**YOUR TASK**
In this exercise, print only the lines of the records below from the one with "Then Darcy points" through the one with "The super shrink", inclusive. Pictures are not part of the copy.

(Stored items)
###

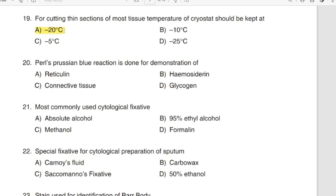Question 20: Prussian blue reaction is done for demonstration of. Correct answer: Option B — Hemosiderin. Question 21: Most commonly used cytological fixative. Correct answer: Option B — 95% alcohol.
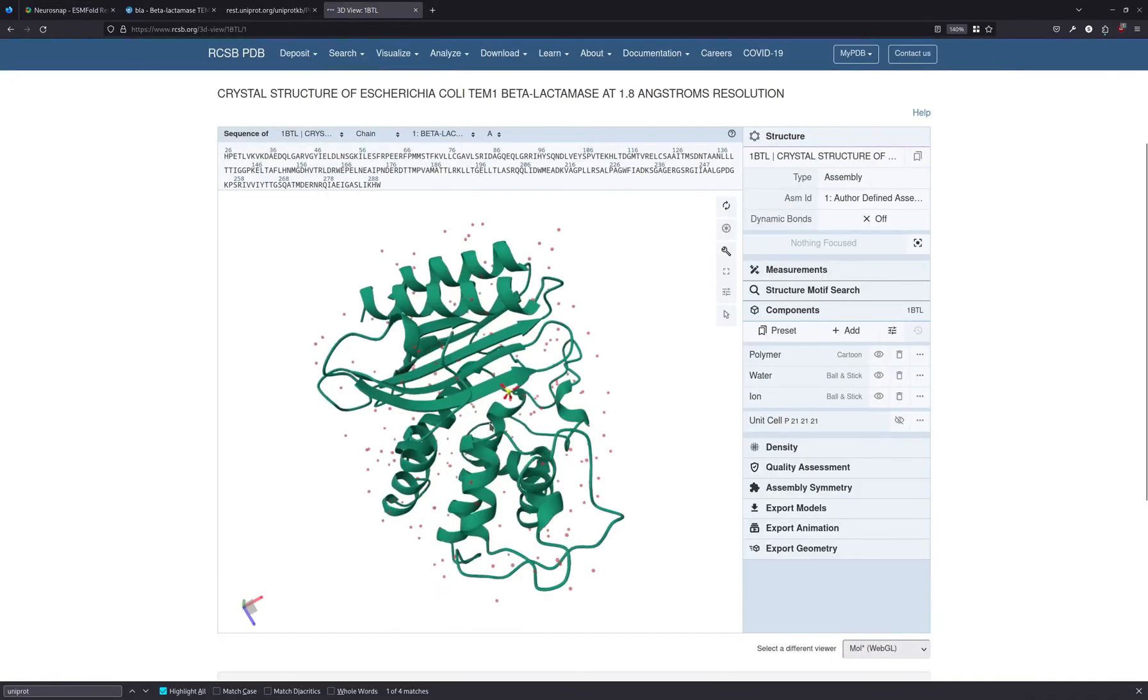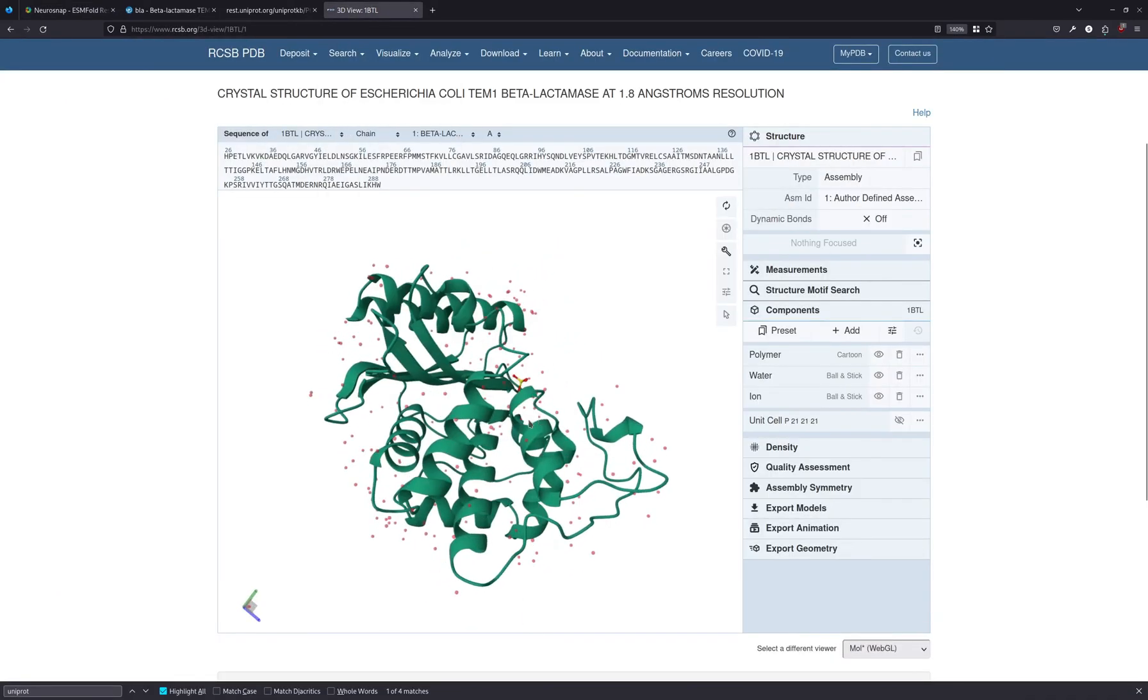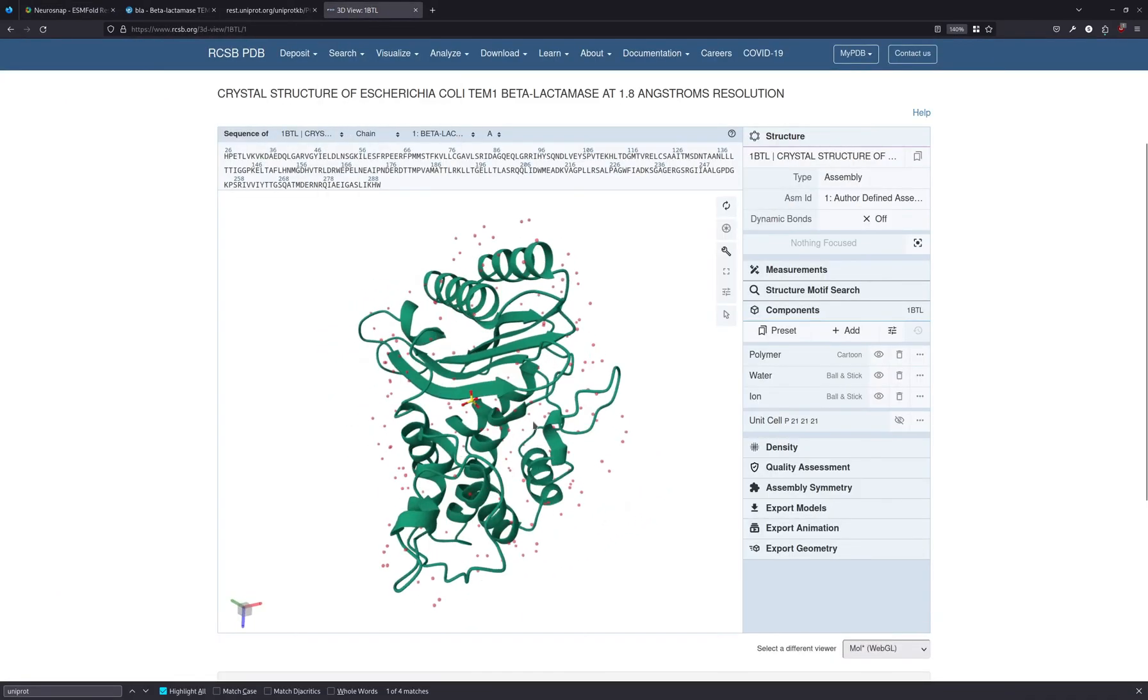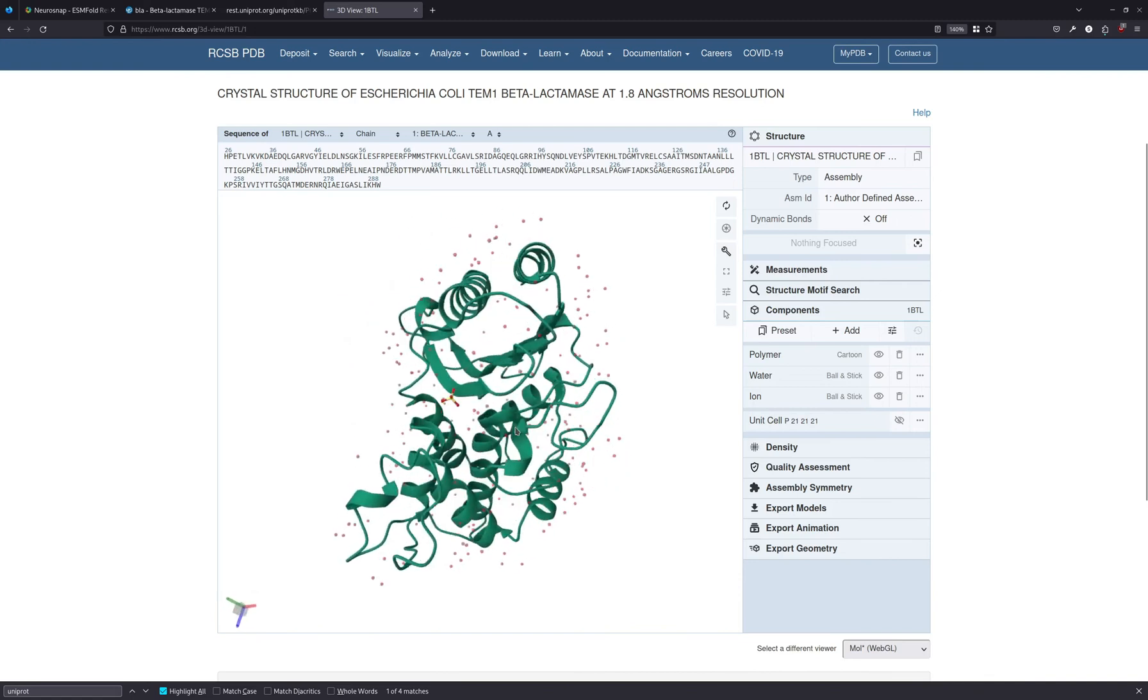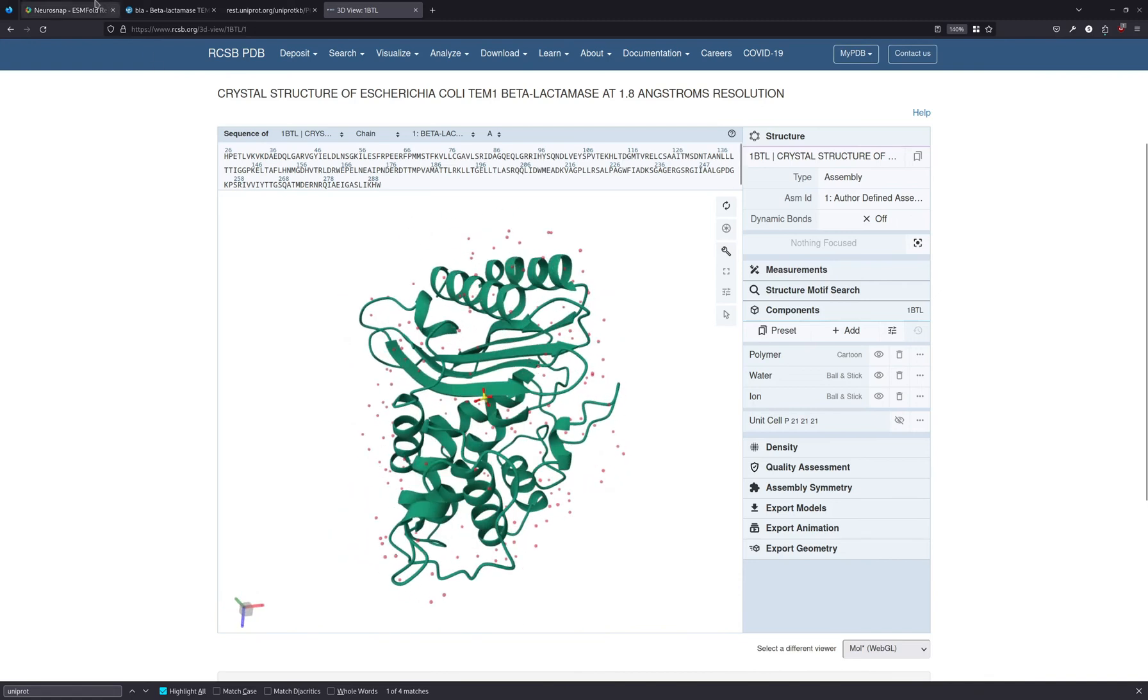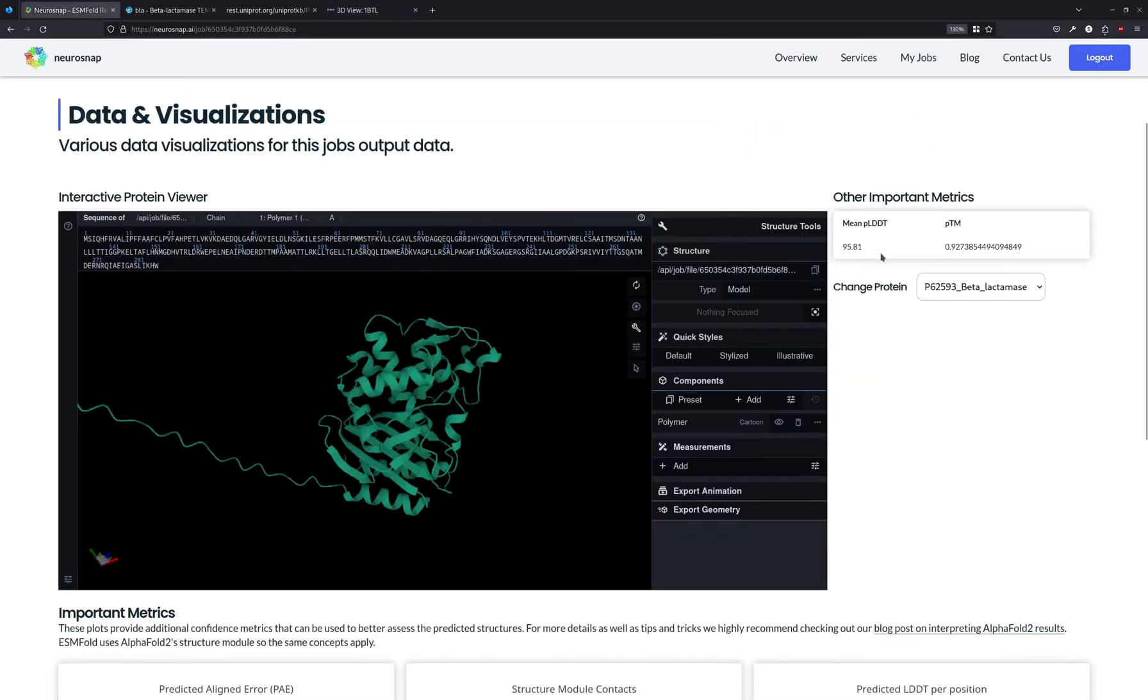If we compare it to the experimental structure in the PDB, you can see that it's quite similar. So we know that the prediction is good.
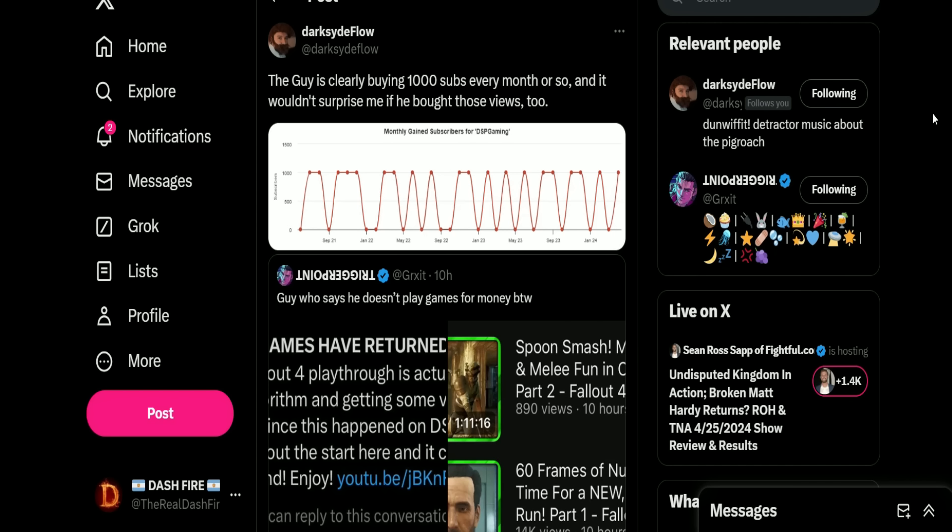Then Darcy points this out: 'This guy is clearly buying 1000 subs every month or so, and wouldn't surprise me if he bought those views too.' Now keep in mind it could be OIC, because I don't think Phil's smart enough to even know how to buy stuff. But yeah, that's very suspicious. Even though Social Blade likes to round things, there's no way he's getting that every other month or so. Look at it - it's almost if you look at on the chart where it says 1000 and you go across, it's almost a straight line there. It never goes above 1000 and always goes down to zero, then up to 1000, down to zero, up to 1000. There's no in between, which is very suspicious.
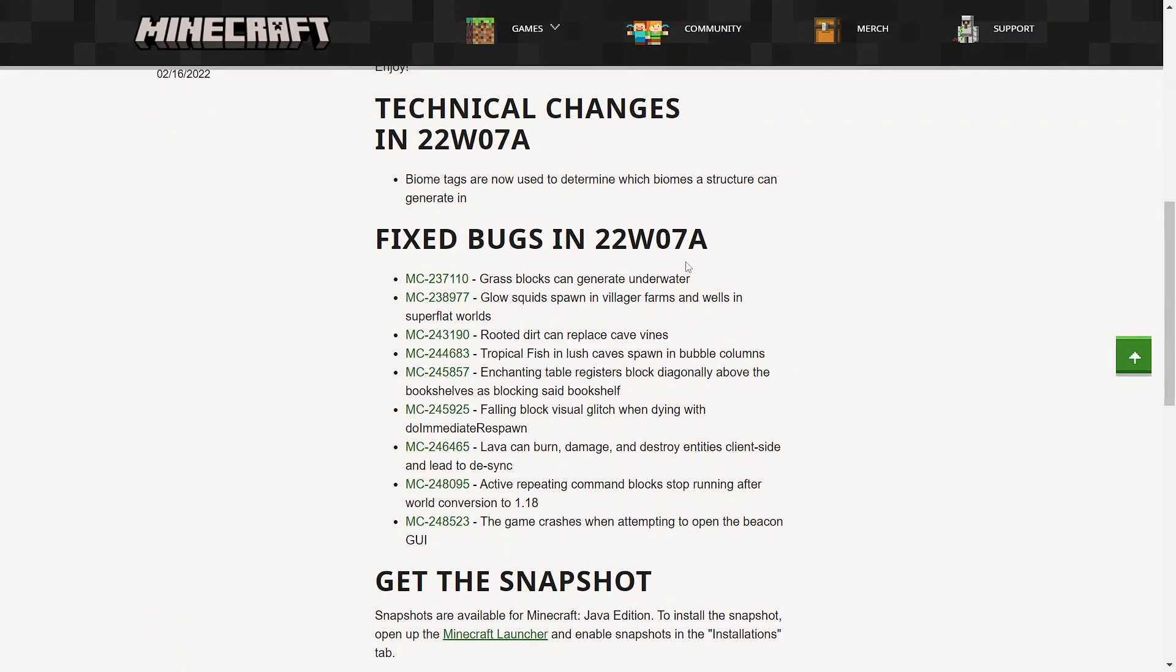Fixed bugs in 22W07A. Glass blocks can generate underwater. Glow squids spawn in village farms and wells in superflat worlds. Rooted dirt can replace cave vines. Tropical fish in lush caves spawn in bubble columns. Obviously not good for them.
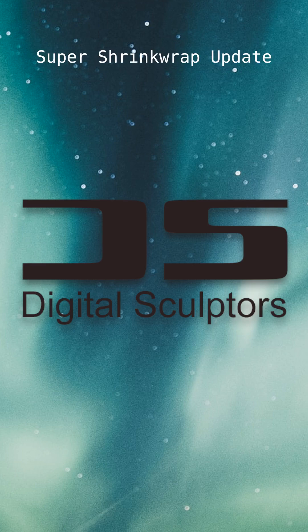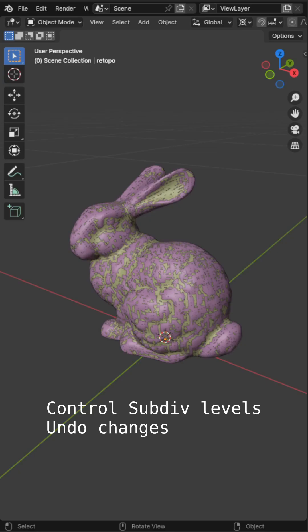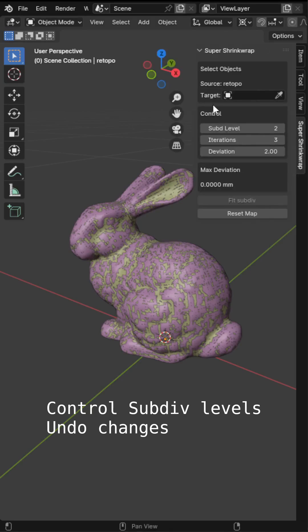The super shrink wrap add-on for Blender has been updated. It now has the ability to control the subdivision levels. Also, it is now possible to undo the operations.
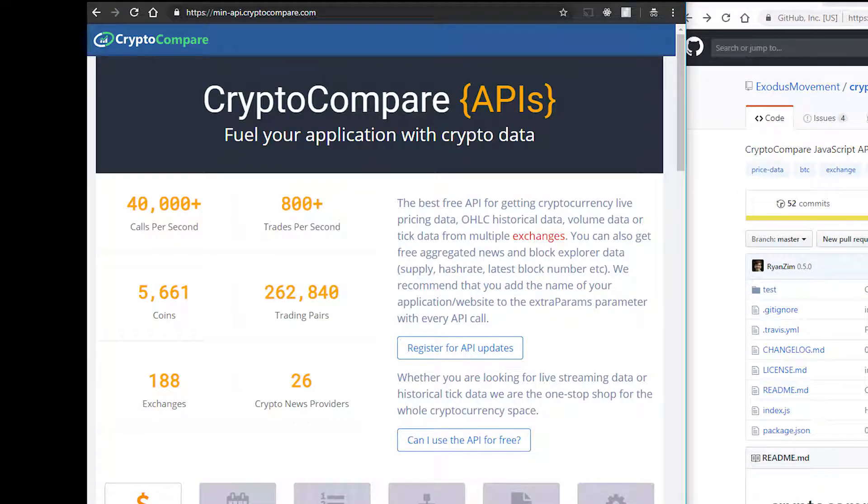So this is CryptoCompare. It's an API to fuel your app with real cryptocurrency data. It's the best free API for getting cryptocurrency data and live pricing data.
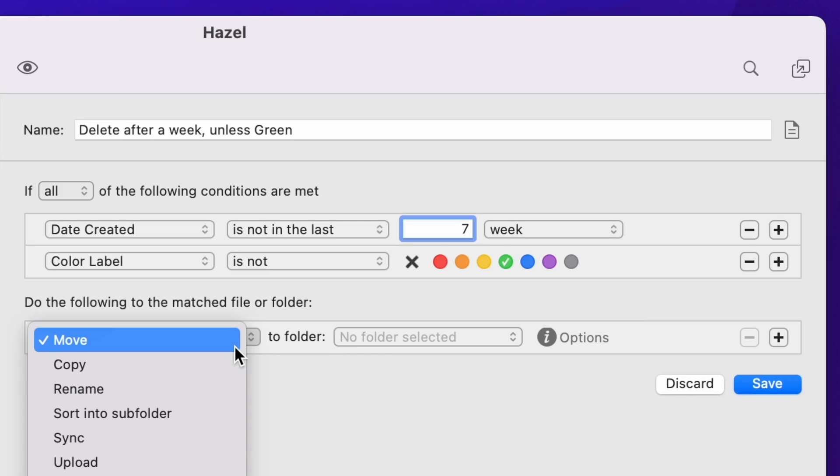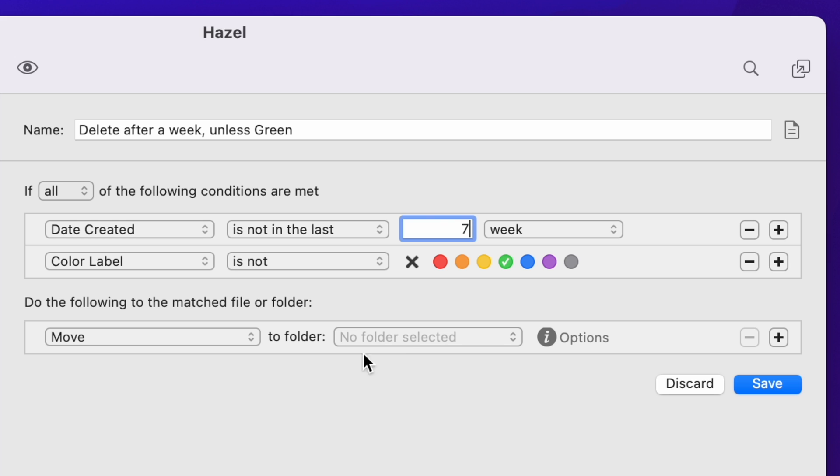Having found things more than a week old, now there's the second section: 'do the following to the matched file or folder.' What you want Hazel to look for is what it calls a colour label — specifically not labelled green. I've set the action here to 'move to trash,' but there are a lot of other options. There's also a plus sign for the action section, so you can have very complex conditions — move a copy here, rename it, then delete it. But what I want is what we've got, so I click save.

###

**WRITTEN ANSWER**
Then Darcy points this out: 'This guy is clearly buying 1000 subs every month or so, and wouldn't surprise me if he bought those views too.' Now keep in mind it could be OIC, because I don't think Phil's smart enough to even know how to buy stuff. But yeah, that's very suspicious. Even though Social Blade likes to round things, there's no way he's getting that every other month or so. Look at it - it's almost if you look at on the chart where it says 1000 and you go across, it's almost a straight line there. It never goes above 1000 and always goes down to zero, then up to 1000, down to zero, up to 1000. There's no in between, which is very suspicious.
Fixed bugs in 22W07A. Glass blocks can generate underwater. Glow squids spawn in village farms and wells in superflat worlds. Rooted dirt can replace cave vines. Tropical fish in lush caves spawn in bubble columns. Obviously not good for them.
The super shrink wrap add-on for Blender has been updated. It now has the ability to control the subdivision levels. Also, it is now possible to undo the operations.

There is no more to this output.